**TASK DETAILS**.
A word-for-word copy of the listing is required, and it must contain no pictures.

**INFORMATION SUPPLIED**.
########

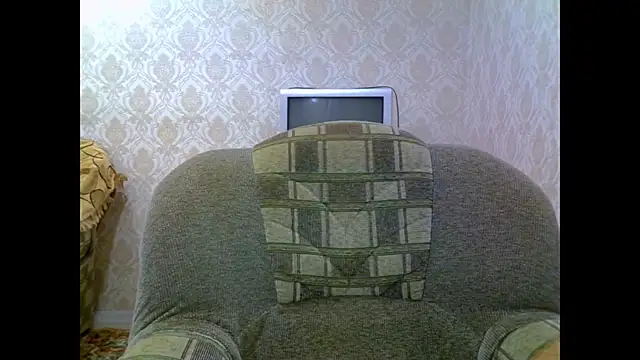 Aria  Dark online show from 11/13/25, 10:08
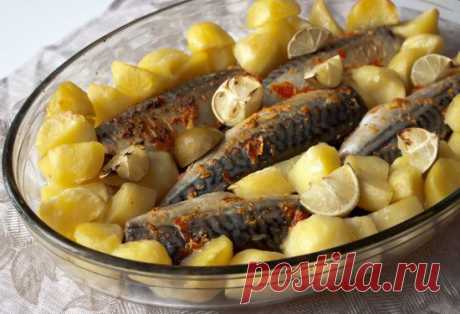 Запеченная острая скумбрия с картофелем..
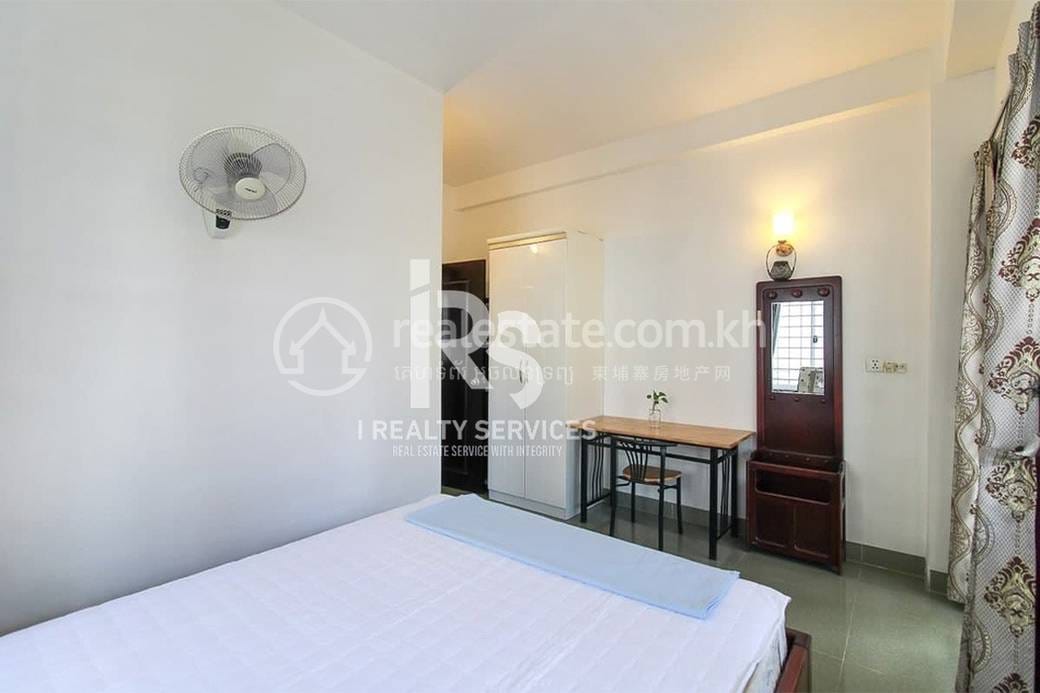 Apartment For Rent in Chamkarmon $300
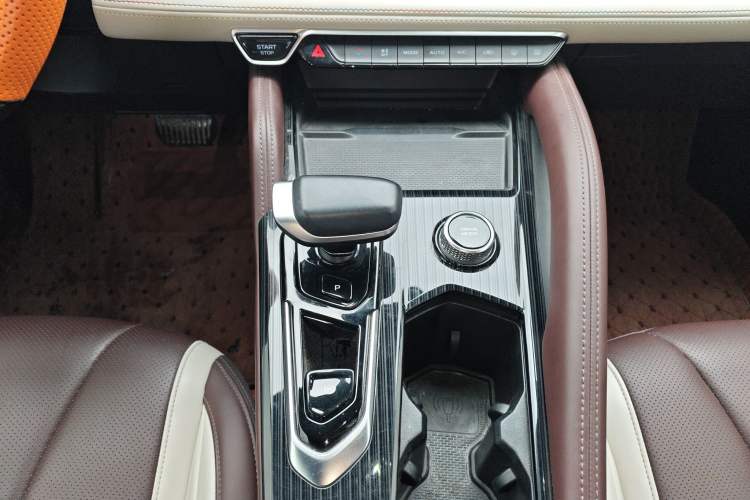 Used Geely Auto Monjaro L 2021 2.0TD High-Power Automatic All-Wheel-Drive Flagship Version Gear Lever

########

**EXPECTED ANSWER**.
 Aria  Dark online show from 11/13/25, 10:08
 Запеченная острая скумбрия с картофелем..
 Apartment For Rent in Chamkarmon $300
 Used Geely Auto Monjaro L 2021 2.0TD High-Power Automatic All-Wheel-Drive Flagship Version Gear Lever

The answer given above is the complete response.